Terror Háza Museum

House of Terror

A Budapest museum remembers the tyrannies of the Nazi party and the Soviet-backed secret police.

The slow, viscous drip-drop of oil fills the entrance lobby with an eerie, unsettling noise. A continuous flow obscures the faces of hundreds of victims of tyranny who were tortured and killed in the very building that now memorializes them, a wing of an infamous government complex that sits at 60 Andrássy Street in Budapest, Hungary.

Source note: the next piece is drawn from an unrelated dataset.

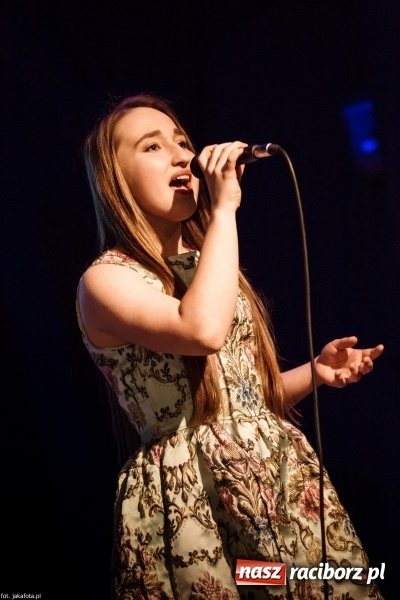 Zdjęcie w galerii na portalu naszraciborz.pl: Walentynkowy czwartek z zespołem Miraż w Młodzieżowym Domu Kultury wiadomości z regionu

The Terror Háza Museum—opened in 2002—is a reminder of the mass brutality of 20th century wars and revolutions, and a monument to the people who played roles both inside and outside the building’s cavernous underground prison cells. It documents the period beginning in 1944 when the Nazis gained power in Hungary, to the early 1990s, when the Iron Curtain fell and Hungarians finally gained freedom from Communism.

Hungarian architects János Sándor and Kámán Újszászy designed the museum as a monument to failed ideas and innocent victims. Working from a mindset beyond simple architecture, they recognized the need to create the right ambiance to guide visitors through recent history in a respectful and subtle way.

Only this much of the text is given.